Do the work internally at no additional costs with UCB Academic Senate Leadership (C. Kutz/F. Doyle), the world – class professional UCB faculty/ staff, & the UCB Chancellor’s bloated staff (G. Breslauer, N. Brostrom, F. Yeary, P. Hoffman, C. Holmes etc) & President Yudof.
President Yudof’s UCB Chancellor should do the high paid work he is paid for instead of hiring expensive East Coast consults to do the work of his job. ‘World class’ smart executives like Chancellor Birgeneau need to do the hard work analysis, and make the tough-minded difficult, decisions to identify inefficiencies.
Where do the $3,000,000 consultants get their recommendations?
From interviewing the UCB senior management that hired them and approves their monthly consultant fees and expense reports. Remember the nationally known auditing firm who said the right things and submitted recommendations that senior management wanted to hear and fooled the public, state, federal agencies?
$3 million impartial consultants never bite the hands (Chancellor Birgeneau/ Chancellor Yeary) that feed them!
Mr. Birgeneau’s accountabilities include “inspiring innovation, leading change.” This involves “defining outcomes, energizing others at all levels and ensuring continuing commitment.” Instead of deploying his leadership and setting a good example by doing the work of his Chancellor’s job, Mr. Birgeneau outsourced his work to the $3,000,000 consultants. Doesn’t he engage UC and UC Berkeley people at all levels to examine inefficiencies and recommend $150 million of trims? Hasn’t he talked to Cornell and the University of North Carolina – which also hired the consultants — about best practices and recommendations that will eliminate inefficiencies?
No wonder the faculty, staff, students, Senate & Assembly are angry and suspicious.
In today’s recession economy three million dollars is a irresponsible price to pay when a knowledgeable ‘world-class’ UCB Chancellor and his bloated staff do not do the work of their jobs.
Take action: use the phone. Together, we will make a difference: save $3 million for students!
[...] Carey observes the financial havoc within California’s university system and takes shots at the University [...]
I didn’t include the “in current dollars” disclaimer because I would never present such a comparison in anything other than inflation-adjusted dollars. I just assumed readers would understand that. To say that “in reality” the state gave about $13,000 per student in 1990 is like saying that “in reality” Americans lived in a low-price utopia in 1890. It’s irresponsible.
Hold the university accountable for what, exactly? Do you think the tuition increases and funding cuts are coincidental?

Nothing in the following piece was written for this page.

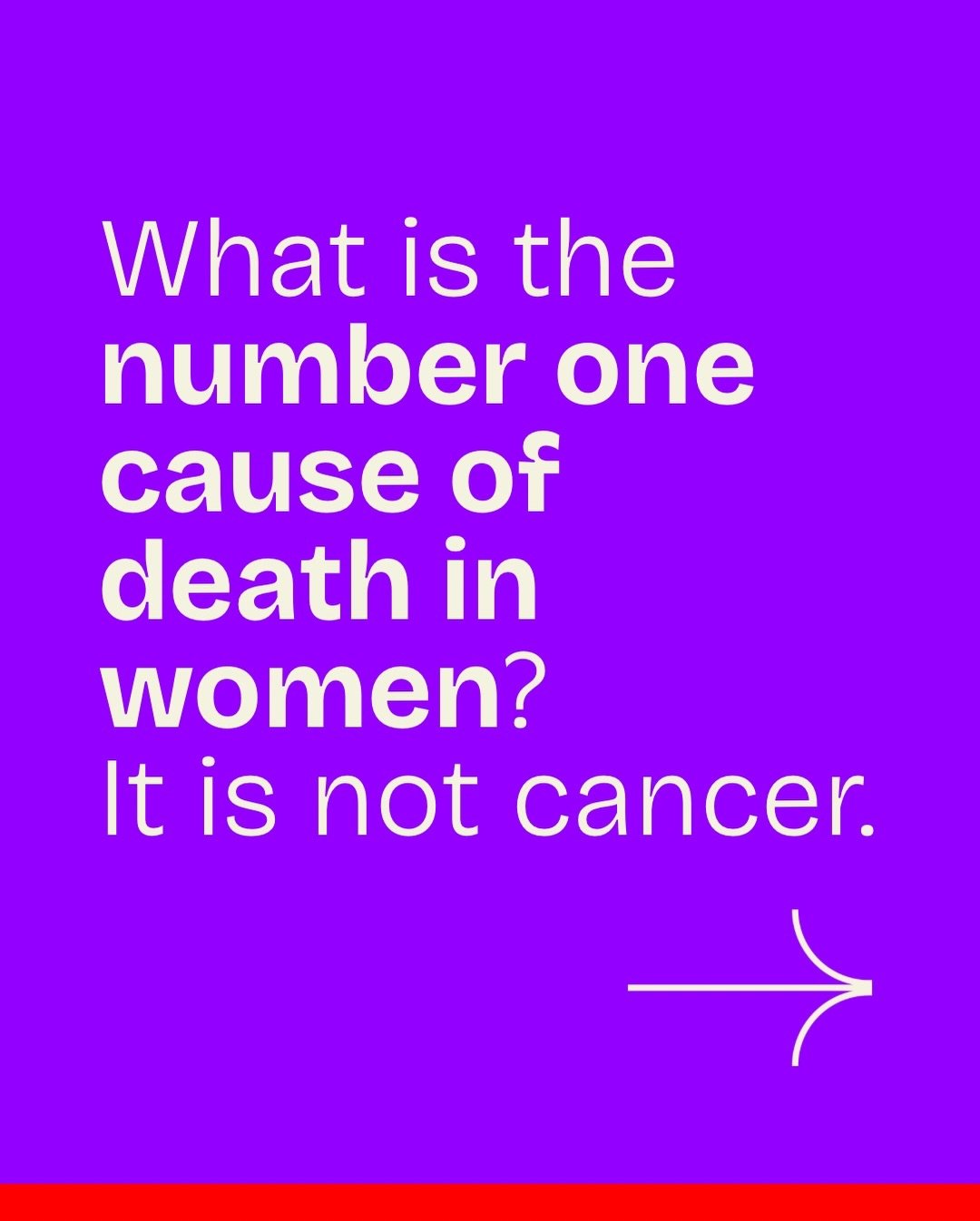 Heart disease is the number one cause of death in women.

Many women believe breast cancer is the biggest health threat. In reality, heart disease causes more deaths in women than all cancers combined.

About 1 in 5 female deaths in the United States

First let’s get some facts right – it is untrue to simply state that, “California’s per-student contribution to the U.C. budget has declined from $16,430 in 1990 to $7,570 today.” In reality, the state gave about $13,000 per student in 1990 and $14,300 in 2009. The UC system constantly uses some unstated inflation-adjustment calculation to circulate the figure that Carey presents. However, Carey does not even add the UC’s usual “in current dollars” disclaimer.
While it is true that “The most recent budget slashed U.C. funding by $637 million,” this represents less than 3% of the UC budget of over $21 billion, and this comes after a record year of revenue. The reason why the faculty, students, and unions don’t simply focus all of their attention on Sacramento is that we realize that we have to both fight for more state funding and hold the university accountable.
Carey labels the UC students as white and upper-class, but UC has the most diverse student body of any major research university. What the students, faculty, and unions are trying to protect is access, affordability and quality for all eligible Californians. This is not an elitist group hiding behind minority labels.